● EXERCISE
Output the data in full. Keep every word exact and exclude the pictures.

● SUPPLIED MATERIAL
• • •

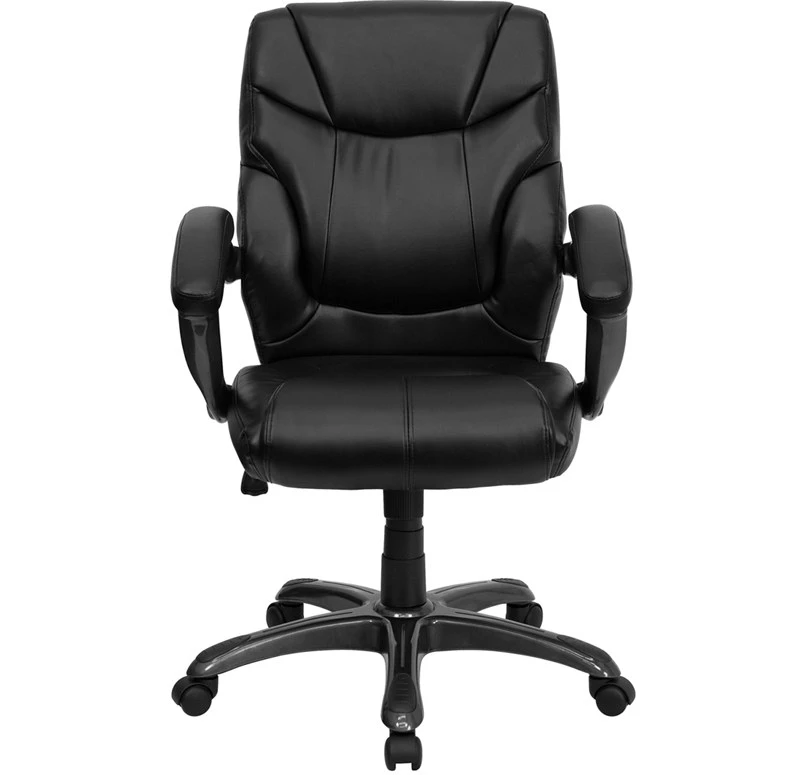 Mid-Back Black Leather Overstuffed Swivel Task Chair With Arms - By Flash Furniture - Madison Seating 8 Mid-Back Black Leather Overstuffed Swivel Task Chair With Arms - By Flash Furniture - Madison Seating - Image 6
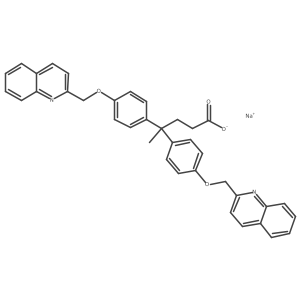 4,4-Bis(4-(2-quinolylmethoxy)phenyl)pentanoic acid sodium salt结构式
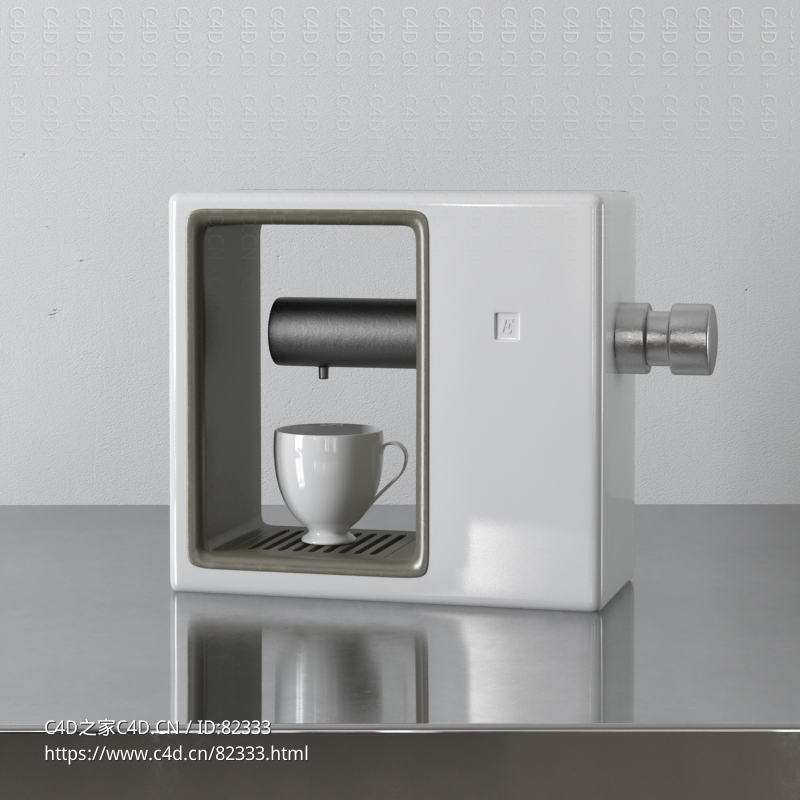 白色咖啡机Coffee maker厨房用品c4d模型下载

• • •

● YOUR SOLUTION
 Mid-Back Black Leather Overstuffed Swivel Task Chair With Arms - By Flash Furniture - Madison Seating 8 Mid-Back Black Leather Overstuffed Swivel Task Chair With Arms - By Flash Furniture - Madison Seating - Image 6
 4,4-Bis(4-(2-quinolylmethoxy)phenyl)pentanoic acid sodium salt结构式
 白色咖啡机Coffee maker厨房用品c4d模型下载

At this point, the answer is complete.